Overall, that just does not seem like a winning proposition to me. I’m not tumbling for any of it. I don’t need to buy something to make me feel better, and I am perfectly comfortable with the archaic concept of Delayed Gratification, as taught by The Olds. They believed that if you want to buy something, save money until you can afford to pay for it in full. By the time you have the cash in hand, maybe that glittery object is no longer appealing. That doesn’t apply to the truly big-ticket items like an automobile or house.
Of course, the credit card companies, and Really Really Big Banks do not see things my way. They want us to pay interest and fees because it is good for their bottom line. No thanks. If a bank needs money that badly they can tighten their own belt and fire a few extraneous vice presidents, such as the one who picks out the color for the waste paper basket.
The government doesn’t see things my way, either. They seem to think that if we pay cash for something, we’re just opening an inroad for the underground economy. Let’s say I hire someone to plow out the driveway and pay in cash. The government is suspicious that might be an under the table maneuver that keeps them from getting a little more income tax money.

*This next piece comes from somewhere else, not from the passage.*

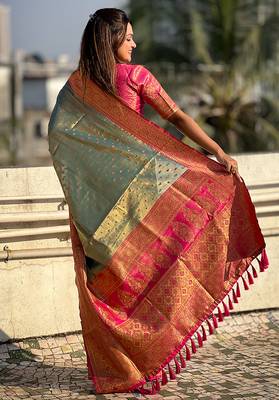 Grey woven self design embellished tissue kanjivaram saree with blouse 5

What it really means is that the government doesn’t trust us.
Besides, I don’t think it is my responsibility to scrupulously inquire if the fellow excising snow and gouging the lawn is really going to report the income.

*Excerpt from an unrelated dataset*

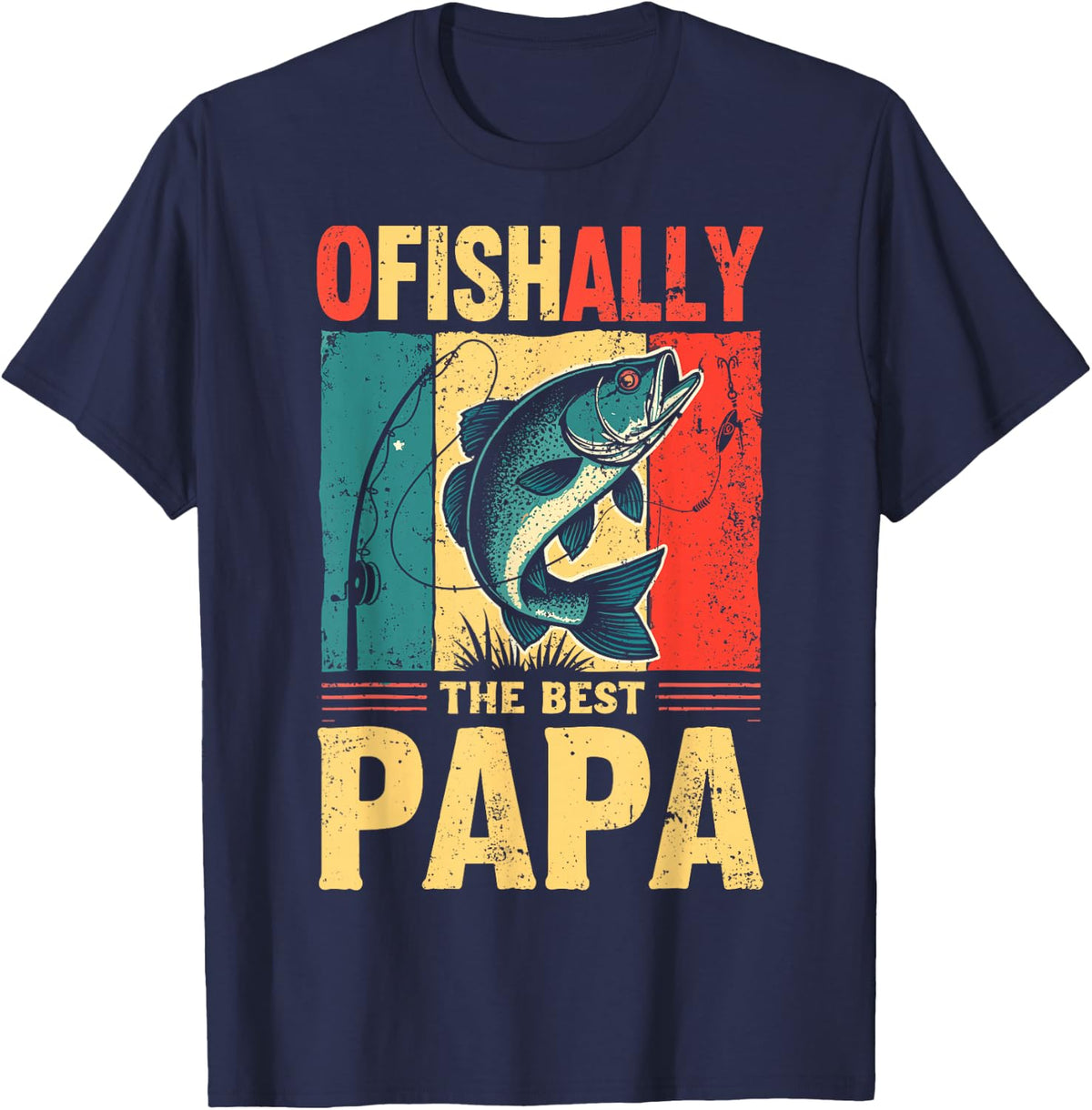 Ofishally The Best Papa Grandpa Fisherman Fishing Dad Retro T-Shirt - Navy Blue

The authorities love to warn us that carrying cash is dangerous. Sure, it is we all know that. The billfold can fall out of my pocket, a pickpocket can boost it, or I might get mugged. Guess what? One good solar flare, a really big one such as we have not seen since the 1850s, and all of that electronic financial data is going to evaporate or otherwise be scrambled and destroyed. The card machines and the automated teller machines are not going to work. Why, it won’t even take a solar flare, as some of the folks in the hurricane zone find out every year.
The new Italian prime minister, Giorgia Meloni, has also caught on to this situation and has proposed major changes in the next budget. Currently, Italian merchants can refuse to accept credit and debit cards for any purchase over 30 Euros. She is raising it to 60. And the old limit for cash purchases of one thousand Euros is being raised to five thousand. Cash, she contends, is legal public money; credit card transfers are some sort of private exchange.

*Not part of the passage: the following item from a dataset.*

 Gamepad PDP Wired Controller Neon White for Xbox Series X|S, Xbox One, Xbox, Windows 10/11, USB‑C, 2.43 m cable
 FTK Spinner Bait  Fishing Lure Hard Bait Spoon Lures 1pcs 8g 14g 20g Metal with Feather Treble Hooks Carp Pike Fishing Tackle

Many small Italian businesses welcome the change because they are getting tired of being dinged between three and five per cent of their sometimes very small sales to the credit card companies. When the bankers object and claim it is merely a ‘transaction fee’ and ‘part of the cost of doing business,’ the merchants see it as an old fashioned shakedown.
There is another good reason to go back to cash payments. If you walk into a supermarket and use a charge card, the store knows exactly what you bought. From now until charcoal sprouts and battleships fly you will be besieged by someone’s electronic advertisements. But that information is also valuable to other businesses such as health insurance companies, advertisers, and others. That makes it a marketable asset by the merchant because others will pay for the information about you. There is a real possibility that someday an insurance company, the medical industry, or even the government will look over the list of what you bought and make a decision that is not likely to be in your favor. ‘Oh,’ someone will say, ‘you seem to eat a lot of high calorie and unhealthy food; not much kale and greens on that receipt, and you appear to buy a couple of bottles of wine every week. That raises your risks, so your policy is going to cost a lot more.’ Or, they might say they can’t afford keeping us in the health system anymore.
Pay cash, and no one will be any the wiser.
Time for all of us to find those rubbery little coin purses and stop by the bank to stock up on two dollar bills as we stand up for our economic independence.